INDECOPI is the GOP agency responsible for reviewing domestic competition-related concerns. Congress published a mergers and acquisitions (M&A) control law in January 2021. The law currently requires INDECOPI to review and approve M&As involving companies, including multinationals, that have combined annual sales or gross earnings over $146 million in Peru and if the value of the sales or annual gross earnings in Peru of two or more of the companies involved in the proposed M&A operation exceed $22 million each.

A legislative decree issued in September 2018 (DL 1444) modified the public procurement law to allow government agencies to use government-to-government (G2G) agreements to facilitate procurement processes.  The GOP considers the G2G procurement model as a suitable method for expediting priority infrastructure projects in a manner that is more transparent and less susceptible to corruption. However, the USG, outside of the US Army Corps of Engineers, does not have a mechanism to support Peru’s G2G contracts. Peru expanded the use of G2G agreements in 2021 to include large infrastructure projects including a $1.6 billion general reconstruction initiative (related to damages caused by the El Nino event of 2017) and a $3.0 billion Central Highway project.

The Peruvian Constitution states that Peru can only expropriate private property based on public interest, such as public works projects or for national security. Article 70 of the Constitution establishes that the State can only expropriate through a judicial process or prior mandate of the law, and only after payment of compensation, including for damages. Peruvian law bases compensation for expropriation on fair market value. Article 70 also guarantees the inviolability of private property.

Public dialogue has at times touched the theme of expropriation or nationalization of the extractives sectors, including during political campaigns, but the GOP has not to date moved forward with any direct expropriation of sectors or businesses.

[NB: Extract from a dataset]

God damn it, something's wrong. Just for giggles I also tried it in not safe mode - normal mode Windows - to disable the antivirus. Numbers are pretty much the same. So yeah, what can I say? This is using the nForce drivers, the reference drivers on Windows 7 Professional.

Landowners have alleged indirect expropriation due to government inaction and corruption in “land-grab” cases that have, at times, been linked to projects endorsed by subnational governments.

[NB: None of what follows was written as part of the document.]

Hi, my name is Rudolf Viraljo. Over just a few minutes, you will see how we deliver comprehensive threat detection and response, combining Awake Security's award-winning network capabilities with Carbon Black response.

Peru has a creditor rights hierarchy similar to that established under U.S. bankruptcy law, and monetary judgments are usually made in the currency stipulated in the contract. However, administrative bankruptcy procedures are slow and subject to judicial intervention. Compounding this difficulty are occasional laws passed to protect specific debtors from action by creditors that would force them into bankruptcy or liquidation. In August 2016, the GOP extended the period for bankruptcy from one year to two years. Peru does not criminalize bankruptcy.

4. Industrial Policies

Peru offers foreign and national investors legal and tax stability agreements to stimulate private investment. These agreements guarantee that the statutes on income taxes, remittances, export promotion regimes (such as drawbacks, or refunds of duties), administrative procedures, and labor hiring regimes in effect at the time of the investment contract will remain unchanged for that investment for 10 years. To qualify, an investment must exceed $10 million in the mining and hydrocarbons sectors or $5 million within two years in other sectors. An agreement to acquire more than 50 percent of a state-owned company’s shares in a privatization process may also qualify an investor for a legal or tax stability agreement, provided that the added investment will expand the installed capacity of the company or enhance its technological development. The government does not currently offer any incentives for clean energy investments.

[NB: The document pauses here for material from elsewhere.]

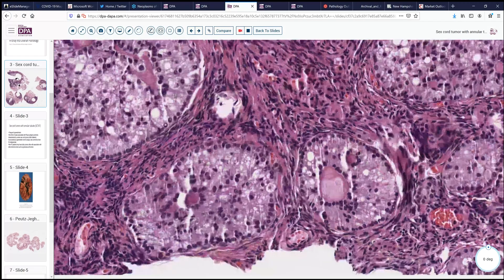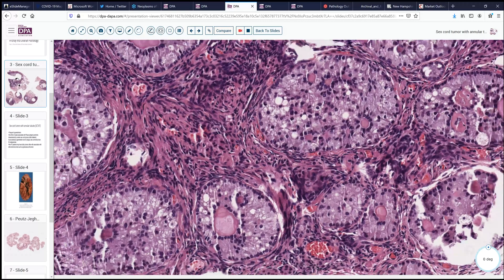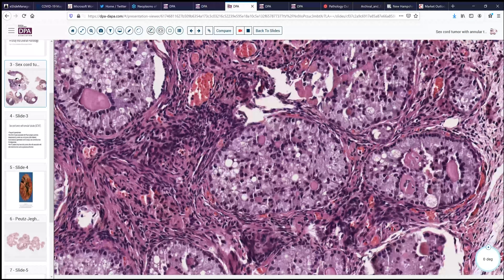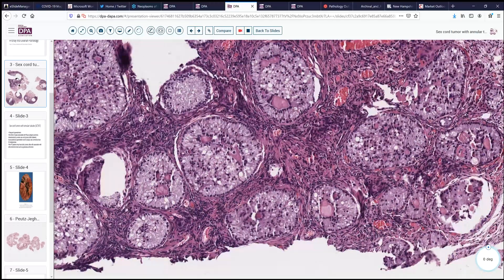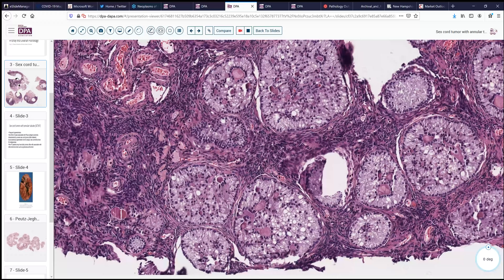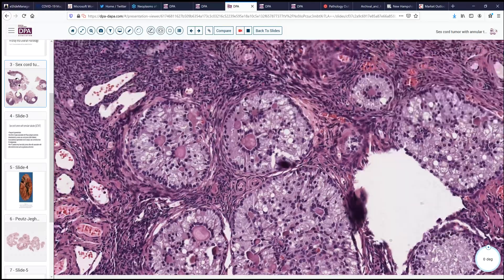So this is the pattern of a sex cord tumor with annular tubules — these hyaline eosinophilic bodies are the annular tubules. The cells are sex cord-like cells and can be mistaken for granulosa cell tumor or Sertoli cell tumors. However, the presence of these very hyaline eosinophilic bodies is diagnostic. It does need to be differentiated from granulosa cell tumor patterns with Call-Exner bodies, which it somewhat resembles, but the surrounding cells are quite different from those seen in granulosa cell tumor, so usually that is not a big problem.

Peru was accepted as a member of the Association of Free Zones of the Americas (AZFA) as well as the World Free Zone Organization (WFZO) in 2019. Peru has nine Special Economic Zones (SEZ): Free Zones in Tacna, Cajamarca, Chimbote; and Special Development Zones (SDZ) in Ilo, Matarani, Paita, Tumbes, Loreto, and Puno (the last three are currently not in operation).

MINCETUR Supreme Decree 005-2019 published in August 2019 implemented regulations for the SDZ of Ilo, Matarani, Paita, and Tumbes. SDZ businesses can perform activities in seven economic sectors: industry, logistics, repair/overhaul, telecommunications, information technology, science, technological research, and development. SDZs enjoy the same economic benefits as the SEZs. The MINCETUR Foreign Trade Facilitation Office oversees Peru’s free trade zones.

Companies can become SEZ users through public auctions. This condition grants access to tax benefits and customs advantages promoting entry, permanence, and exit facilitation procedures for goods. Benefits include:

Taxes

  • Income Tax exemption (rate outside of the SEZ is 29.5 percent)
  • General Sales Tax (IGV) exemption (rate outside of the SEZ is 16 percent)
  • Municipal Promotion Tax exemption (rate outside of the SEZ is 2 percent)
  • Excise Tax (ISC) exemption (rate outside of the SEZ ranges from 2 to 30 percent depending on the product)
  • Ad Valorem tariff exemption when importing products from overseas (rates outside of the SEZ are 0, 6, and 11 percent)
  • Exemption from all central, regional, or municipal government taxes created in the future, except for social security (EsSalud) contributions and fees

Customs

  • Entry of machinery, equipment, raw materials and supplies from abroad is eligible for the suspension of import duties and taxes payments
  • Indefinite permanence of goods within the SEZ, as long as company maintains user status
  • Products manufactured in the SEZ can be exported directly without having to undergo a nationalization customs regime
  • Products manufactured in the SEZ can be entered into national territory under international agreements and conventions
  • Entry of goods into the SEZ is direct and does not require prior storage

Peru adopted the Personal Data Protection Law (Law Number 29733) in 2011, and it went into effect in 2013. A data controller who processes personal data must notify the National Authority for Personal Data Protection (ANPDP), which maintains a public register. Personal data is defined as any information on an individual which identifies or makes him/her identifiable through reasonable means, including: biometric data; data on racial and ethnic origin; political, religious, philosophical or moral opinions or convictions; personal habits; union membership; and information related to health or sexual preference. Unless otherwise exempted by statute, data controllers are generally required to obtain the consent of data subjects for the processing of personal data. Consent must be prior, informed, expressed, and unequivocal. A data controller may transfer personal data to places outside of Peru only if the recipients have adequate protection measures.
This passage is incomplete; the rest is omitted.